Kylie Jenner, Khloé Kardashian and Kourtney Kardashian have an honest conversation about the family comments that lead to their cosmetic procedures

Thursday’s episode of “The Kardashians” was off to the races in the first few minutes with Kylie, Khloé and Kourtney talking frankly about the “beauty standards” they’re setting and how online bullying and mean family comments lead to them getting a variety of procedures from facial fillers, nose jobs, and more.
When the trailer for season 3 dropped, there was a scene where we see Kylie telling her sisters that she wanted to have a bigger conversation over the “beauty standards” they’re setting for impressionable girls who follow them.
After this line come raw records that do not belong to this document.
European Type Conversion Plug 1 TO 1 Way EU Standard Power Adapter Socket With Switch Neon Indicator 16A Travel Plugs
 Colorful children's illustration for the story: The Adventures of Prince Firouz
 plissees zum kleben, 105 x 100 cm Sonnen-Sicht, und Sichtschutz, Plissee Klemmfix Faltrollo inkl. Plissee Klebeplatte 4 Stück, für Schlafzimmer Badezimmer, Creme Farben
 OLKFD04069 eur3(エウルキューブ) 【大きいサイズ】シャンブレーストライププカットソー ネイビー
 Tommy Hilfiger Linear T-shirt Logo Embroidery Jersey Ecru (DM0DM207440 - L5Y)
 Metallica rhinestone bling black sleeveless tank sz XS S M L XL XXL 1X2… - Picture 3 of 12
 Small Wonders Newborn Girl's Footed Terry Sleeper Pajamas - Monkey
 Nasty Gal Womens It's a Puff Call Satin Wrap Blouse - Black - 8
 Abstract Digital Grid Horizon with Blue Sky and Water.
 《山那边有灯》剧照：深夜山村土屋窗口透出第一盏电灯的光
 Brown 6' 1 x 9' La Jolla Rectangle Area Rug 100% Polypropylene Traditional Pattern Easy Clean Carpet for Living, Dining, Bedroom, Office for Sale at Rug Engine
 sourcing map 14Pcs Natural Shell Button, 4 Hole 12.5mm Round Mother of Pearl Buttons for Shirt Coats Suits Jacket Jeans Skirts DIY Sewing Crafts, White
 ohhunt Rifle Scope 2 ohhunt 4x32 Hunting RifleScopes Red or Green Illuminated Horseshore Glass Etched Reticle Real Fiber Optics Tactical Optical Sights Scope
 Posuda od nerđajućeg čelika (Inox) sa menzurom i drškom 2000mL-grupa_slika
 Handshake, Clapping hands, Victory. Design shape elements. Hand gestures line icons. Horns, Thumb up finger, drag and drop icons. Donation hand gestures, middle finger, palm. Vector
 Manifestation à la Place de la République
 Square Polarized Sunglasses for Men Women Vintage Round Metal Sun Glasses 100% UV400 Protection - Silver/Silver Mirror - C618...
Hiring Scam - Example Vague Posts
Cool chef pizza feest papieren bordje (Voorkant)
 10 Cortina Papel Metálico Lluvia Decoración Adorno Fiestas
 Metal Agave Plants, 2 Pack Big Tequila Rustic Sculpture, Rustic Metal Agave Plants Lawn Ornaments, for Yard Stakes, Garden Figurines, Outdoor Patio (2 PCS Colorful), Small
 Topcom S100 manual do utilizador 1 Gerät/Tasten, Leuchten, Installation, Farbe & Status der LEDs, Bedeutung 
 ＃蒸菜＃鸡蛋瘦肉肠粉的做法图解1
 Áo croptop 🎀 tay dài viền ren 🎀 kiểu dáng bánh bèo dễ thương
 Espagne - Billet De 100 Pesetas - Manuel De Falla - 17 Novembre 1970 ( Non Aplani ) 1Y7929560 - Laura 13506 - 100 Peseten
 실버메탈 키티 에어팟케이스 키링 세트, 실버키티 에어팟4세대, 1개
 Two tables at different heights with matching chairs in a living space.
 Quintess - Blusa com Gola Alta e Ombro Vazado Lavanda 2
That exact clip wasn’t included in the final episode, but they have a frank conversation about how their words and actions affected each other, and could affect their kids.
“I always remember being the most confident kid in the room,” Kylie says. “I always loved myself — I still love myself — and one of the biggest misconceptions about me is that I was this insecure child and I got so much surgery to change my whole face, which is false, I’ve only gotten fillers.”
She adds in her confessional, “I feel like I don’t want that to be a part of my story.”
To her sisters, she says, “I just think we have a huge influence. And what are we doing with our power? I think I see so many young girls on the internet now fully editing. And I went through that stage too but I’m in a better place. And other people can instill insecurities in you.”
The Kylie lip kit founder, who has been accused over the years of photoshopping her Instagram pictures, then called out her sisters for giving her a complex about her ears.
“You don’t realize how you guys always talked about my ears?” she says, to which the Good American founder tries to brush it off as saying she loved Kylie’s ears
“But I didn’t receive it like that,” Kylie shoots back “I received it like everyone was making fun of my ears, calling them dopey. Like that f**ked me up.”
She tells her sisters she “never thought about my ears” until those mean jokes and says when on the red carpet she “never wore an updo” for five years.
“Then I had Stormi, and she has my ears, and it made me realize how I love them,” she revealed. “If I'm insecure about my ears, and I think my daughter is the most beautiful thing ever… now I wear updo to every carpet.”
Khloé also shares her story and how social media bullying affected her. “I was chubby and in a skintight bodycon dress. You couldn't tell me otherwise,” she told her sisters. “Society gave me insecurities.”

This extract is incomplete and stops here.